Of course, I'm not arguing that there is no ability of some batters to hit grounders that get through the infield. Harder hit grounders will tend to get through more often. However, this is likely offset by the additional time infielders have to throw the runner out when they knock down a grounder and the ability of fast runners to beat out slowly or weakly hit ground balls.
The reasoning for less variability and therefore more skill reflected in on base percentage than batting average is straightforward. Since the publication of the Baseball Abstracts and The Sinister First Baseman in the early 1980s baseball analysts have become increasingly aware that walks are as much a function of the hitter as the pitcher. This view has slowly made its way to the front offices of many major league teams to the point that teams have now begun to consider strike zone judgment in their scouting scheme.
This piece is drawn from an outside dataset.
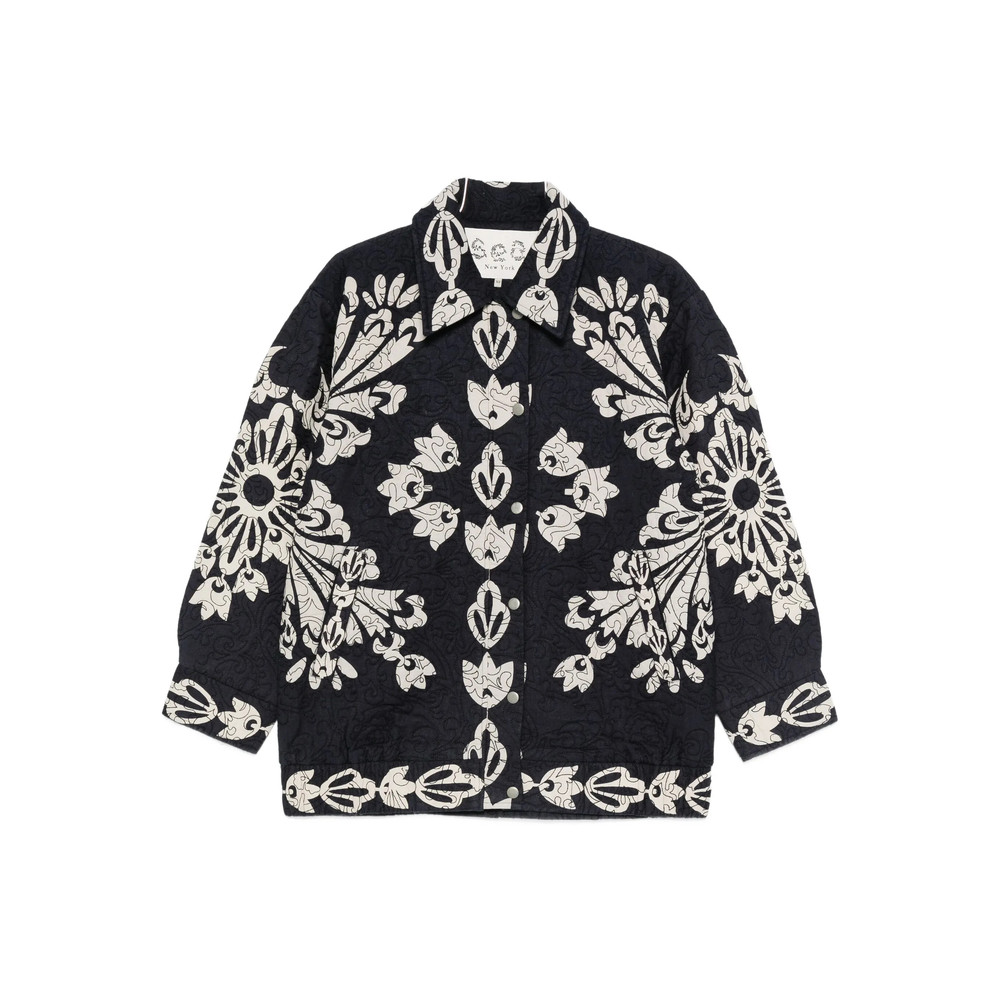 Sea Liliana Floral-embroidered Quilted Jacket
Historically this wasn't the case. Since the batter was the passive actor in the base on balls it was long assumed that walks were purely or at least mostly under the control of the pitcher. To a certain degree this attitude is still prevalent although in a modified form. For example, this quote was taken from an article by a Toronto beat writer in 2003:
"Clearly, the easiest positive statistic for mediocre hitters, one that requires keeping the bat glued to your shoulder, instead of the traditional hand-eye induced ball-whacking (which is far more exciting), is the ability to draw walks."
But throwbacks aside, it is now generally recognized that a batter's ability to control the strike zone is definitely a skill and it makes sense that it would not be as subject to variability as batting average, a statistic heavily dependent on singles which as we've shown are themselves heavily dependent on luck.
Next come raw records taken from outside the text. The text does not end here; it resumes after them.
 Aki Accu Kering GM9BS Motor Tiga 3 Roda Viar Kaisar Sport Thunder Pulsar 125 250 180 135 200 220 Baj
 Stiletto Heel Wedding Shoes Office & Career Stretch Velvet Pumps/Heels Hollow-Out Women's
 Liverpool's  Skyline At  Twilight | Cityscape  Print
For more information on this question check out Jim Albert's paper, Batting Average: Does it Represent Ability or Luck?. Although Albert did not look at slugging percentage specifically, he did show that strikeout, walk, homerun, on base percentage, and in-play average (batting average on balls put in play) are all more strongly correlated from year to year. In his analysis strikeout, walk, and homerun rates all had strong correlations with coefficients of .7 or greater.